-- WHAT THE TASK ASKS --
Exactly the lines below from the line with "Tooth Abscess Treatment" through the line with "Lentes e coroas - antes e depois" must make up the answer, both ends included and pictures left out.
************
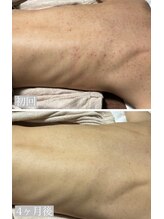 ピリナ 名古屋/【背中ハーブピーリング】症例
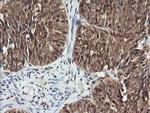 PTK2 Antibody in Immunohistochemistry (Paraffin) (IHC (P))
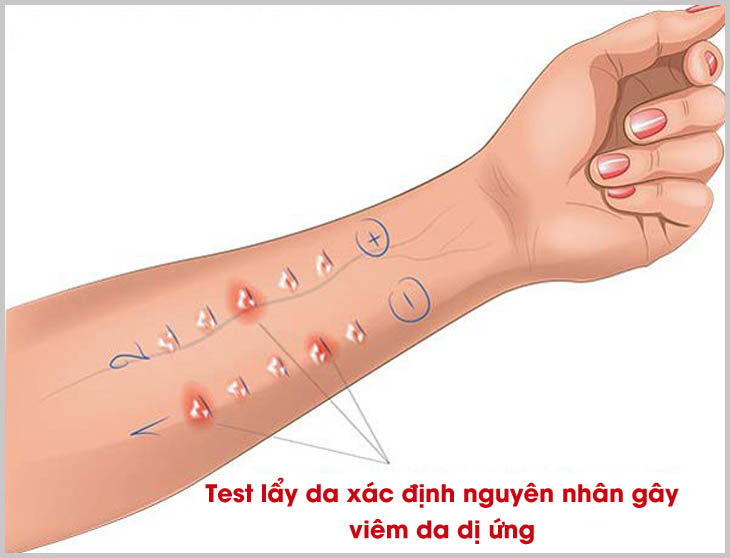 Test lẩy da xác định nguyên nhân gây viêm da dị ứng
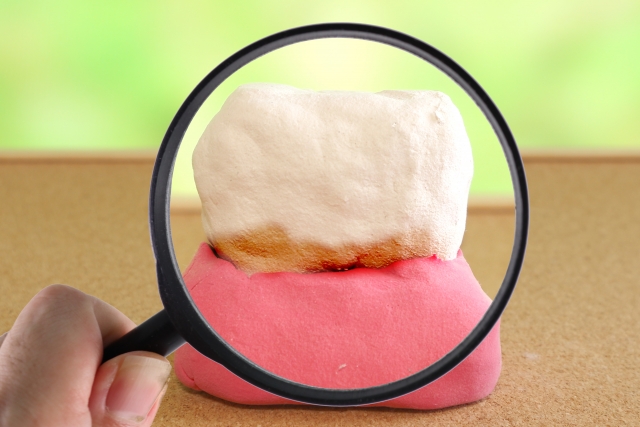 歯の変色や色素沈着が気になる時は？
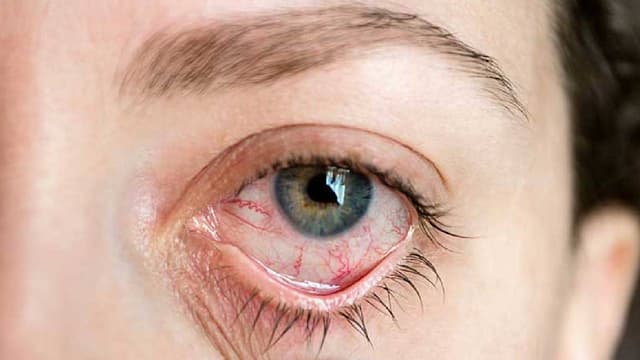 Cách điều trị viêm màng bồ đào và biện pháp phòng tránh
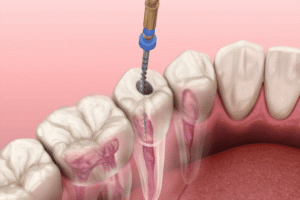root-canal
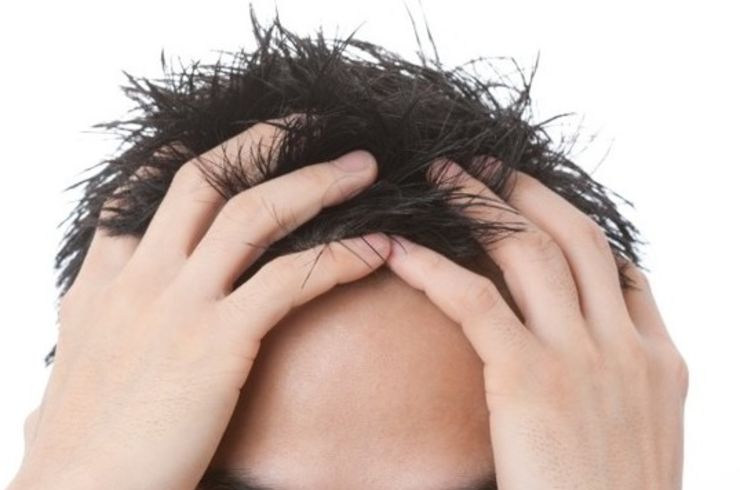 頭皮のさびとり（男性限定）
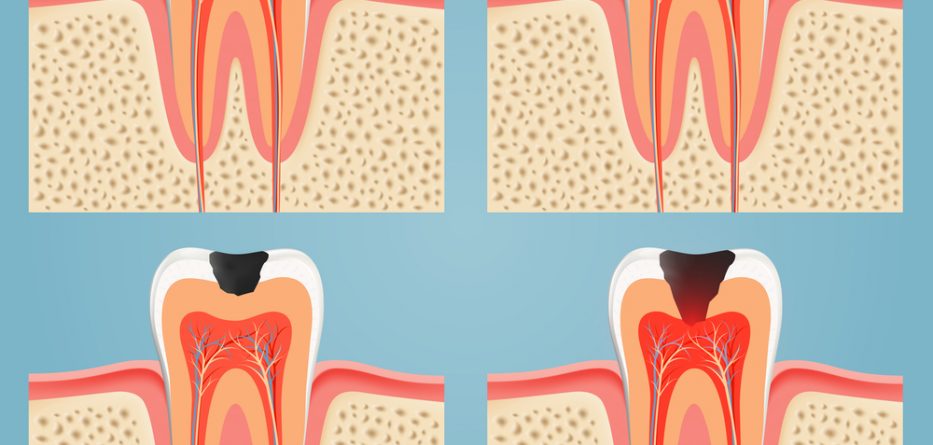 Tooth Abscess Treatment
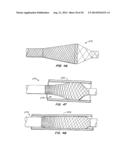 MEDICAL DEVICE AND METHOD diagram and image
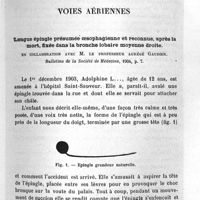 0033 - Page 33 - Travaux scientifiques. Voies aériennes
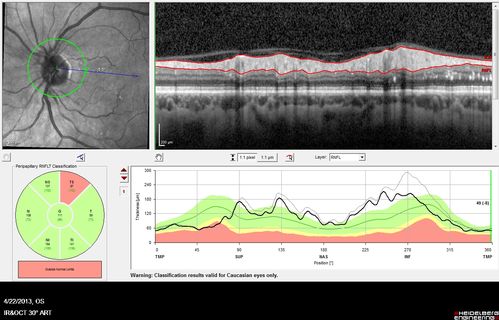Malignant Hypertension - Cotton Wool Spots - Elschnig Spots - Optic Nerve Edema 
Nerve Swelling is less
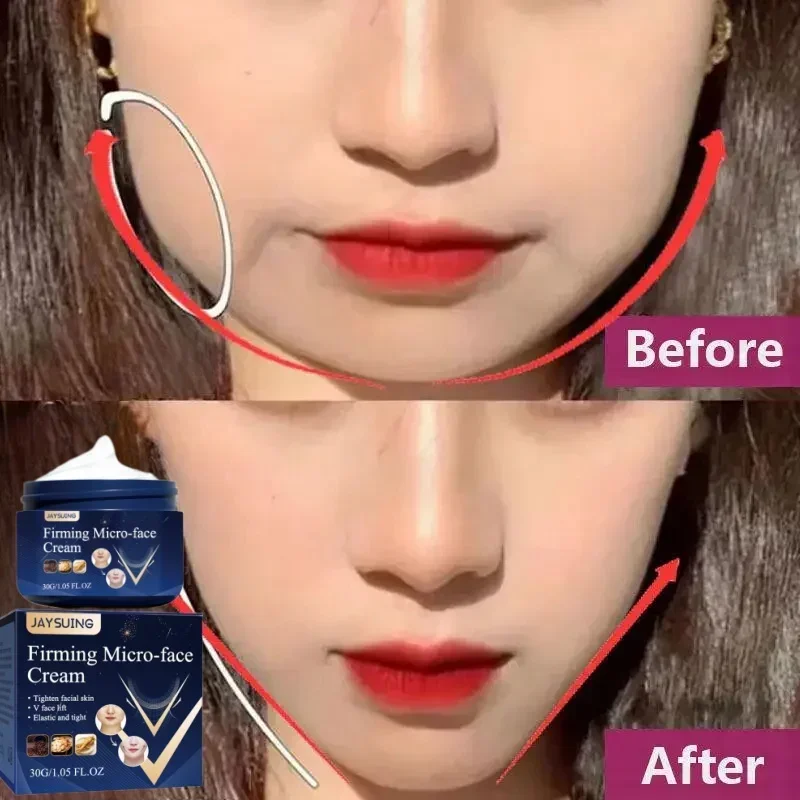 

V-Shape Face Slimming Cream Lift Up Firming Tighten Line Masseter Face Muscle Fat Burning Cream Reshaped Face Counter Skin Care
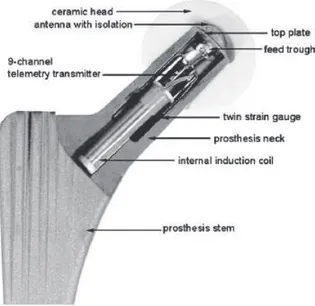 Figure 1.13 Prothèse instrumentée pour mesurer forces et moments dans une PTH (Damm et al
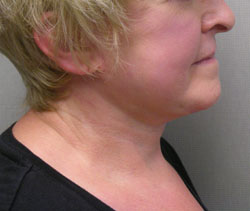 facelift after photo by michigan cosmetic surgery in southfield mi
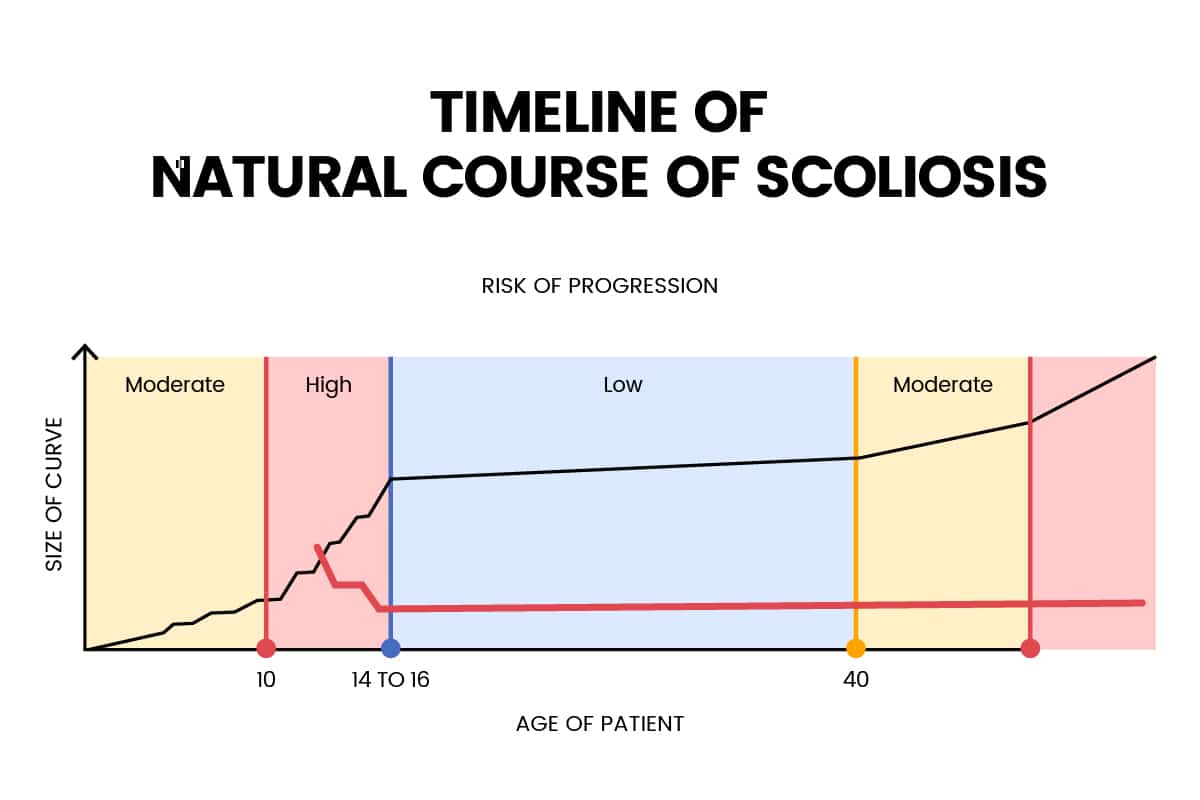 Alternate Progression Model for Adolescents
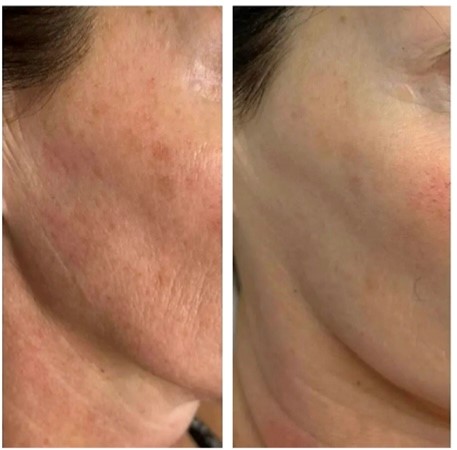 Age Zero™️ Exosomes Before After Photo Improved Skin Pigment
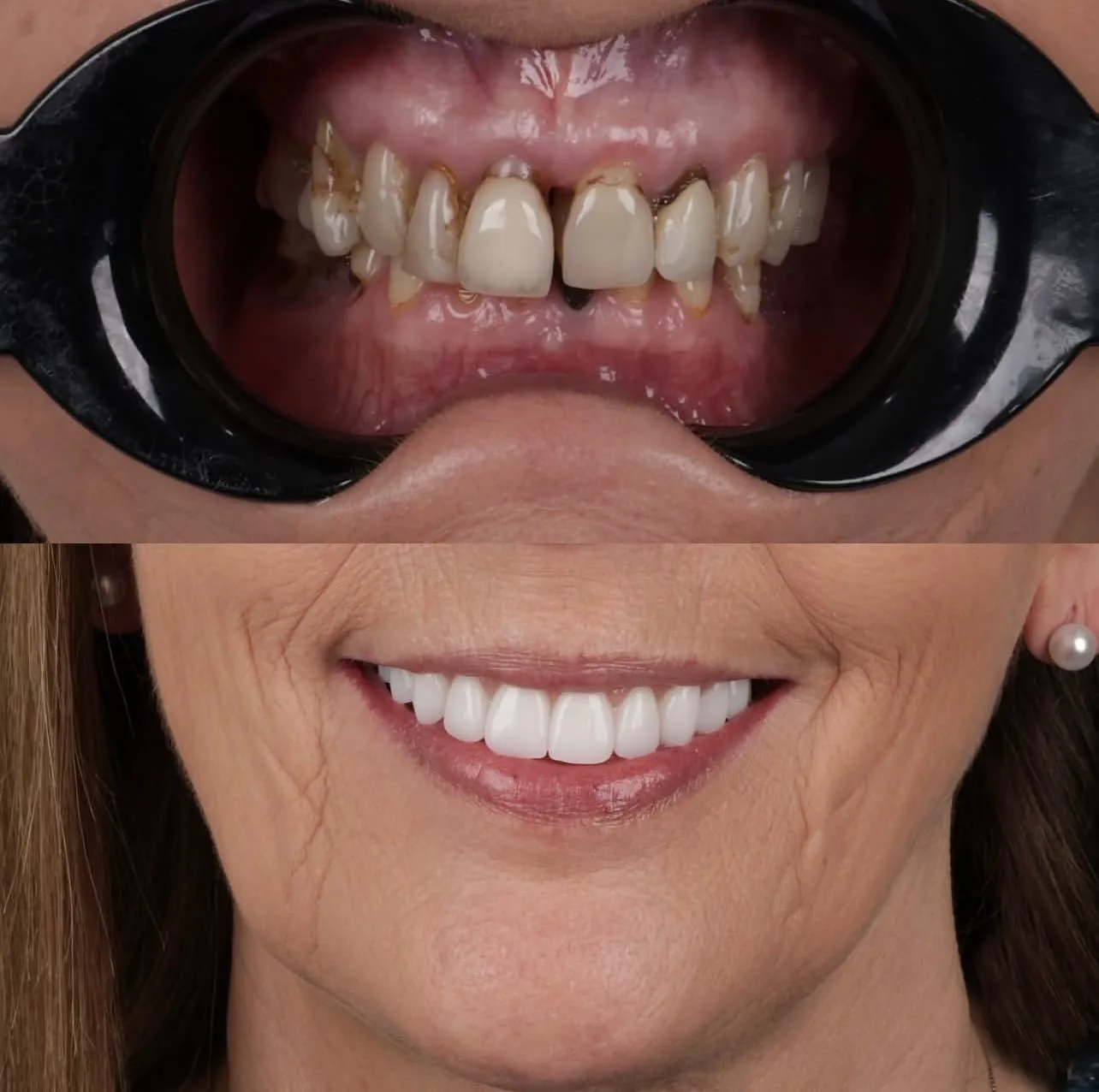 Lentes e coroas - antes e depois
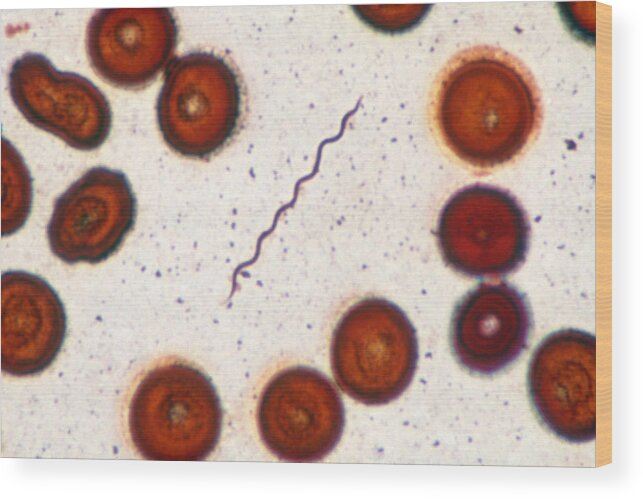 Bacteria Wood Print featuring the photograph Borrelia Burgdorferi Lm #1 by Michael Abbey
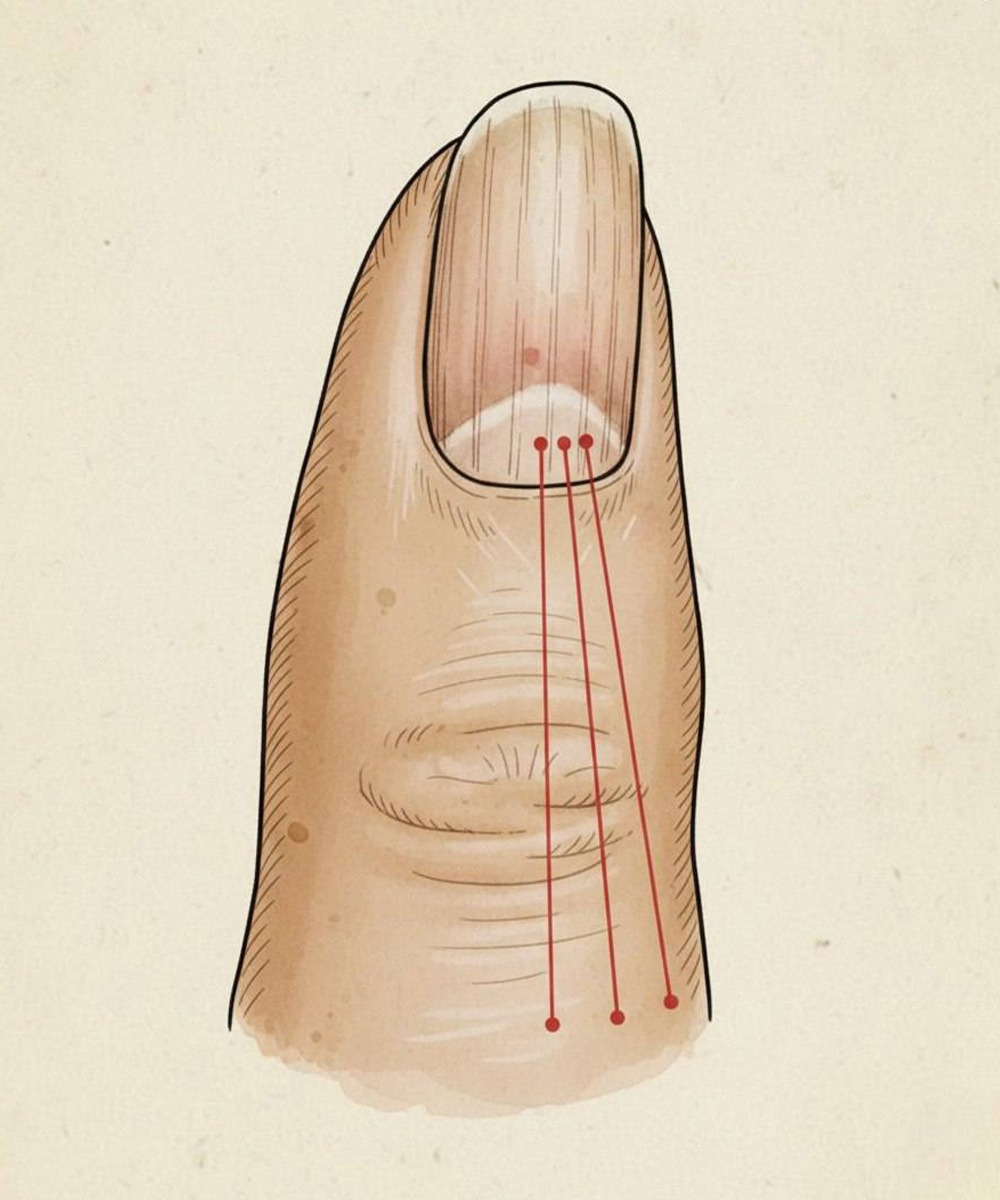 Se hai delle linee sulle unghie, significa che hai il cancro...Vedi altro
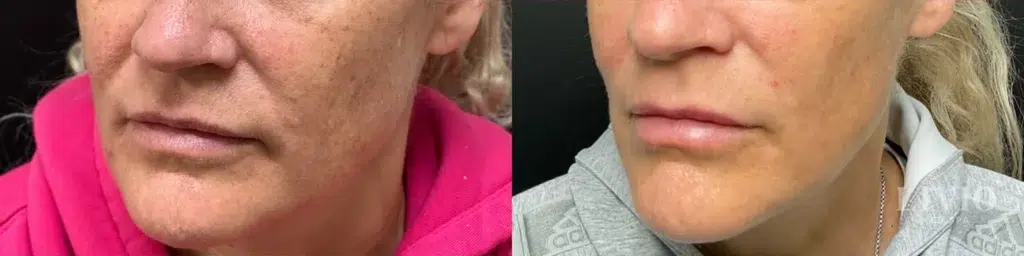 bbl laser before and after photo by livio med spa in cincinnati oh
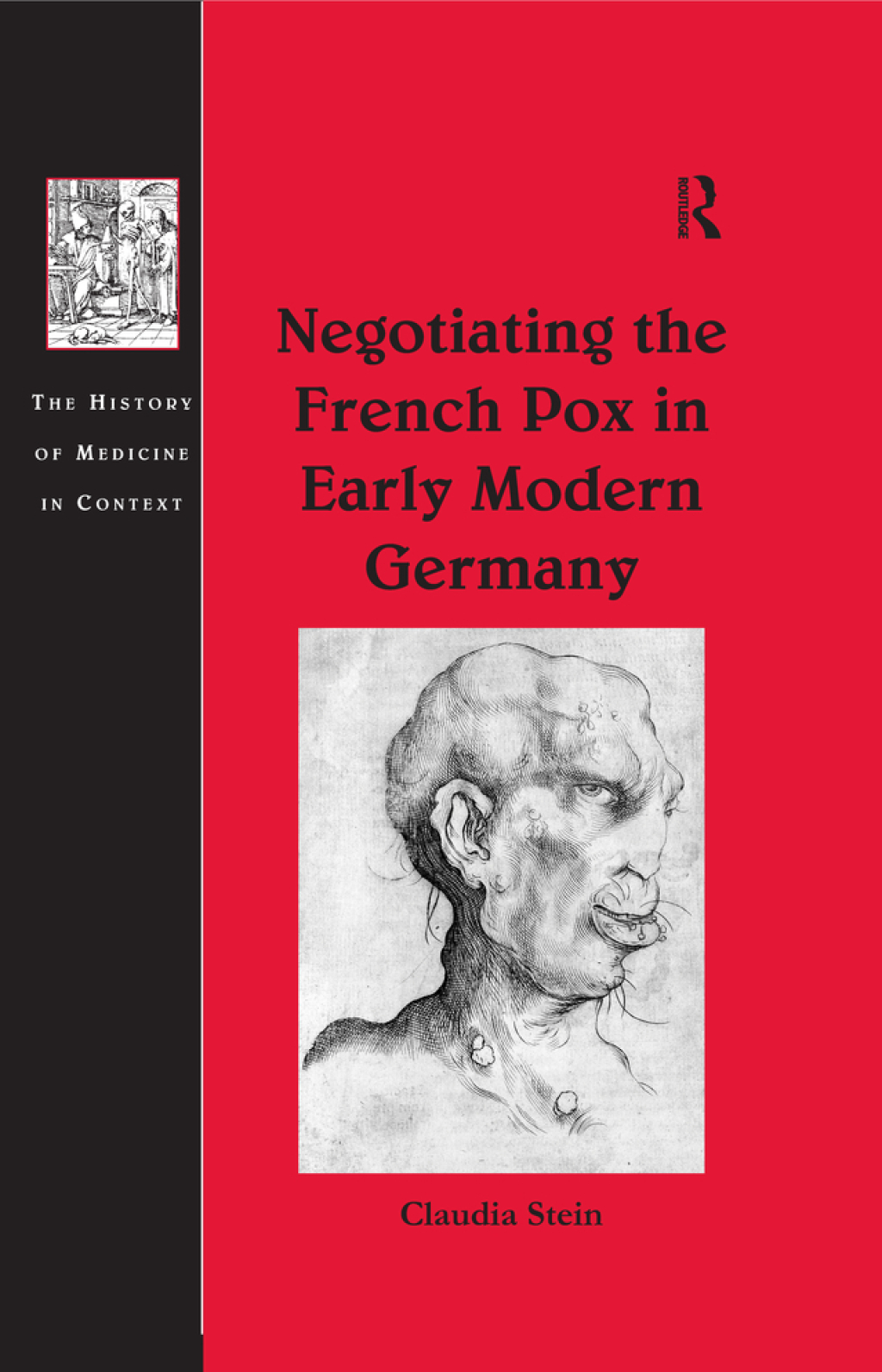 Negotiating the French Pox in Early Modern Germany 1st Edition â€“ PDF/EPUB Version Downloadable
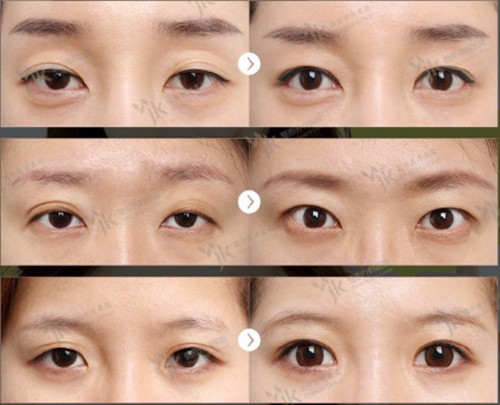 韩国JK整形外科双眼皮案例图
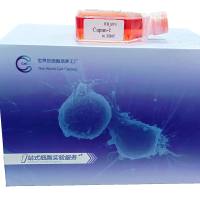 Pfeiffer | Pfeiffer细胞 | Pfeiffer细胞 | 人弥漫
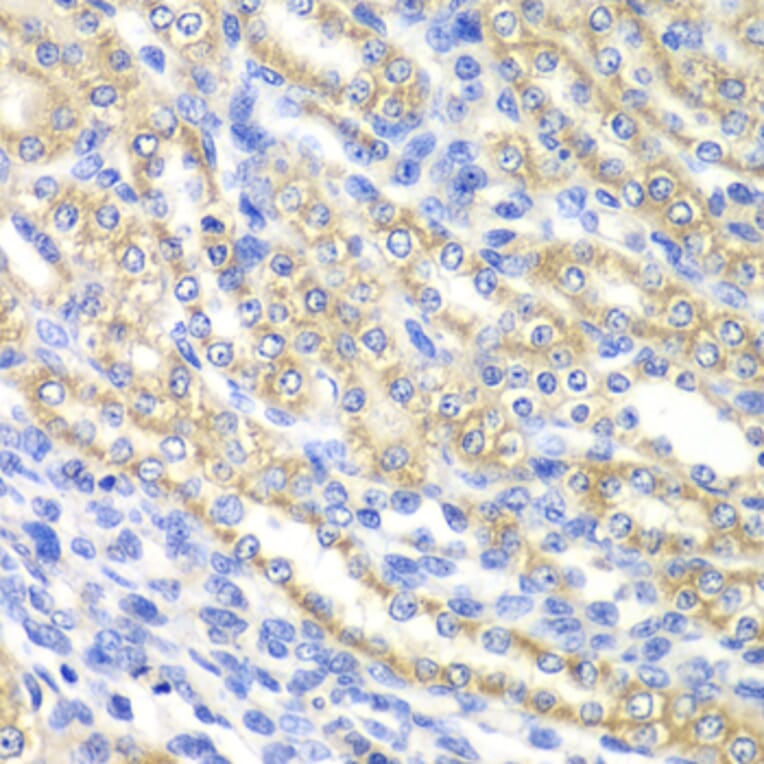 Immunohistochemistry - Anti-SURF1 Antibody (A12521) - Antibodies.com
************
-- YOUR RESPONSE --
 Tooth Abscess Treatment
 MEDICAL DEVICE AND METHOD diagram and image
 0033 - Page 33 - Travaux scientifiques. Voies aériennes
Malignant Hypertension - Cotton Wool Spots - Elschnig Spots - Optic Nerve Edema 
Nerve Swelling is less

V-Shape Face Slimming Cream Lift Up Firming Tighten Line Masseter Face Muscle Fat Burning Cream Reshaped Face Counter Skin Care
 Figure 1.13 Prothèse instrumentée pour mesurer forces et moments dans une PTH (Damm et al
 facelift after photo by michigan cosmetic surgery in southfield mi
 Alternate Progression Model for Adolescents
 Age Zero™️ Exosomes Before After Photo Improved Skin Pigment
 Lentes e coroas - antes e depois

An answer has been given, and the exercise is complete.